Остальные прямые повинности, которые государство налагало на своих граждан, по величине обусловливаемых ими расходов далеко уступали триерархии. Притом, здесь путем внешнего блеска можно было приобрести такую по­пулярность, какой не доставляло самое тщательное снаря­жение военного корабля; и всегда находились люди, которые готовы были жертвовать на это часть своего имущества. Тем не менее и для этих повинностей, по крайней мере в Афинах, со времени Пелопоннесской войны стало не хватать пригод­ных кандидатов. Пришлось ограничить число хоров, высту­павших на общественных представлениях, и в некоторых случаях делить бремя издержек между двумя лицами. Нако­нец, вскоре после Александра хорегия в старой форме была совсем отменена, и государство взяло обзаведение и обуче­ние хоров на себя.
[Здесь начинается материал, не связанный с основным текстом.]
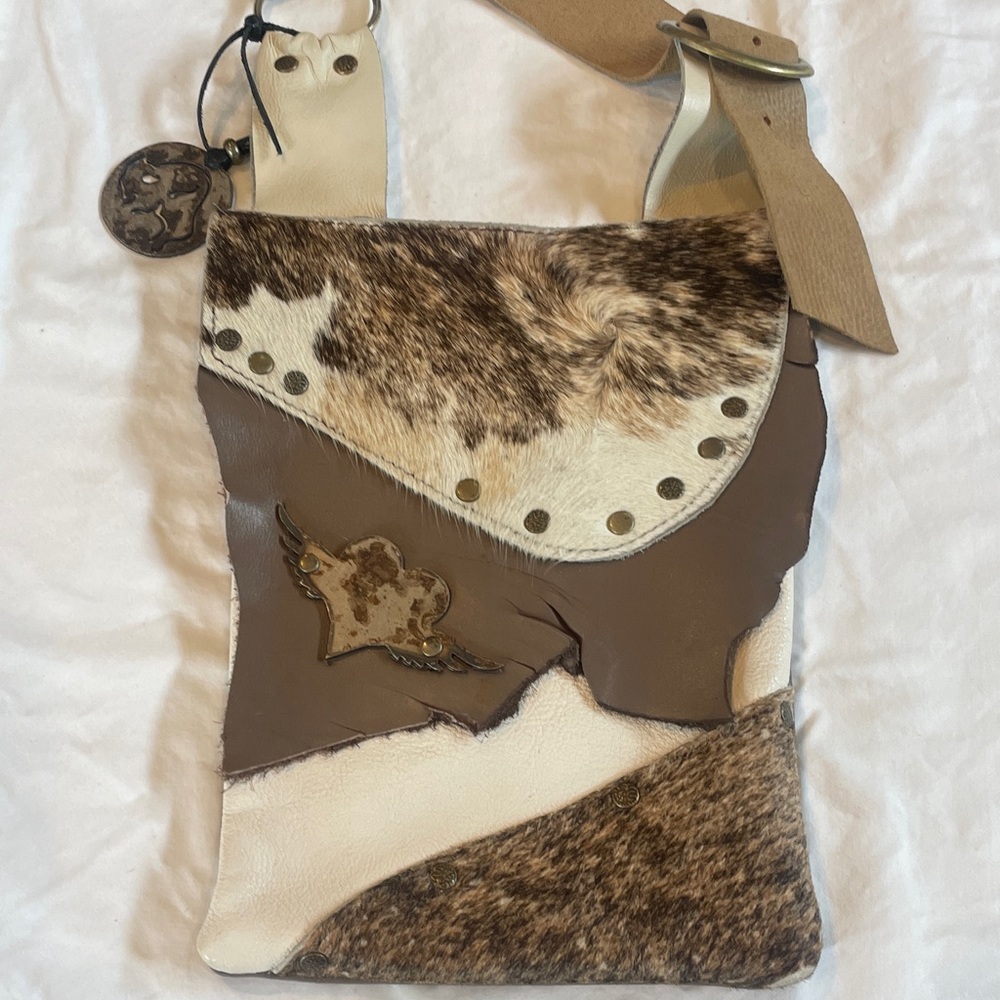 White buffalo creations leather crossbody bag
Но как бы государство ни напрягало податные силы на­селения, как бы ни заботилось оно о финансовых реформах, — в те дни, когда нужда в деньгах достигала чрезвычайных размеров, все это оказывалось недостаточным. А накоплять значительные наличные суммы не удавалось в это время благодаря беспрестанным войнам ни одному греческому го­сударству; единственной державой, располагавшей государ­ственным фондом, была Персия. И вот, по необходимости начали расходовать на нужды государства храмовые сокро­вища. По преданию, уже Гекатей Милетский во время ио­нийского восстания советовал прибегнуть к этому средству; но предложение представителя просвещения было отвергну­то его благочестивыми согражданами, и богатые сокровища Бранхид после подавления мятежа достались в добычу пер­сам. Показать нации пример секуляризации храмовых имуществ суждено было тому городу, который любил называть себя самым благочестивым в Элладе, — Афинам. Во время Архидамовой войны храмовые сокровища Аттики были поч­ти без остатка истрачены на военные нужды, притом не только казна Афины Полиас, которая составилась главным образом из остатков союзнической дани и по существу была не чем иным, как поставленным под охрану богини-покровительницы города государственным фондом, но и со­кровища остальных богов страны. Это было сделано в форме подлежащих росту займов, и по заключении мира государст­во честно старалось исполнить принятые им на себя обяза­тельства. Но возобновление войны в 415 г. принудило его снова прибегнуть к займам из храмовых касс; когда они бы­ли исчерпаны, — расплавили все золотые и серебряные жертвенные дары, какие оказались налицо. Только золотого одеяния Афины-девственницы не тронули и теперь, несмот­ря на крайнюю нужду в деньгах. После крушения державы, конечно, уже нельзя было думать об уплате этих долгов; за­емные записи, высеченные на камне, остались на Акрополе, и обломки их еще нам свидетельствуют о финансовом бан­кротстве Афин.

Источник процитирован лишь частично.